Destaco também os visuais deslumbrantes vistos na jornada. Como citado anteriormente, o jogo não faz um bom trabalho quando o assunto são expressões faciais e a aparência de NPCs menos relevantes, mas no geral os gráficos são impressionantes. Cada planeta é lindo da sua própria forma, as naves são extremamente detalhadas, todas as armas são bonitas e os trajes foram todos bem pensados, garantindo uma boa variedade visual para o protagonista e seus inimigos. Temos ainda as interessantes criaturas alienígenas, muito distintas umas das outras, fazendo jus ao vasto universo do título. Com base nas 120 horas que passei pelas estrelas através de meu Xbox Series S, testemunhei poucos bugs, sendo quase todos defeitos visuais que foram resolvidos por meio de atualizações. Inicialmente sofri alguns crashes, problema que cessou em versões recentes. Hoje, persistem apenas algumas quedas de frame em cidades mais povoadas, o que não chega a ser algo crônico, porém incomoda.
Lançado em 2023, Starfield está disponível para Xbox Series, Xbox Cloud Gaming e PC.
Considerações finais
Ambicioso. Não há palavra que defina melhor Starfield. Apesar de ser um RPG direcionado para um grande público, o jogo não teve medo de investir em diferentes mecânicas e aprofundar elementos de role playing que haviam se perdido em lançamentos anteriores da Bethesda. É possível que alguém passe centenas de horas no game e não crie nenhum entreposto, não modifique sua nave e sequer colete os vários poderes disponíveis. O grande acerto do título está justamente em confiar ao jogador a decisão de definir quais rumos tomará em sua jornada. O jogo é seu, se divirta da maneira que quiser.

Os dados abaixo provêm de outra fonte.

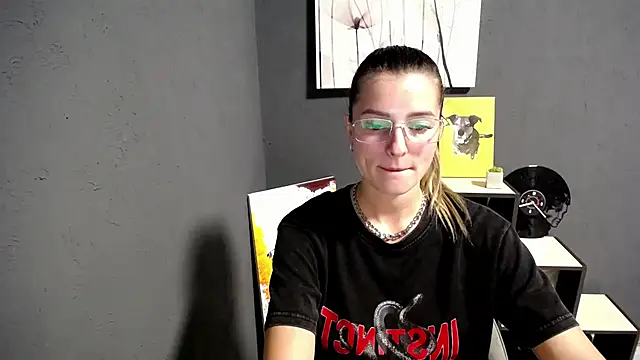 Snapshot of lady_olivia_ chatting on 09-22-25, 04:09 lady olivia  online show from 09-22-25, 04:09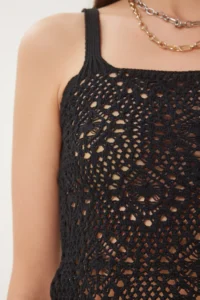 Happiness İstanbul Women's Black Openwork Summer Knitwear Crop Skirt Set - Image 4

Como em todo projeto grandioso, é fácil identificar elementos que poderiam estar em Starfield. O problema é que certas ausências incomodam. Para que todo o conteúdo disponível fosse devidamente aproveitado, os menus tinham que ser mais simples, a mecânica de exploração em terra e nos céus poderiam ser aperfeiçoadas e um minimapa precisava estar disponível nas cidades. Mesmo sendo menos intuitiva do que poderia, a ópera espacial encabeçada por Todd Howard proporciona uma experiência marcante, divertida e muitas vezes emocionante. Entre acertos e defeitos, Starfield é impressionante.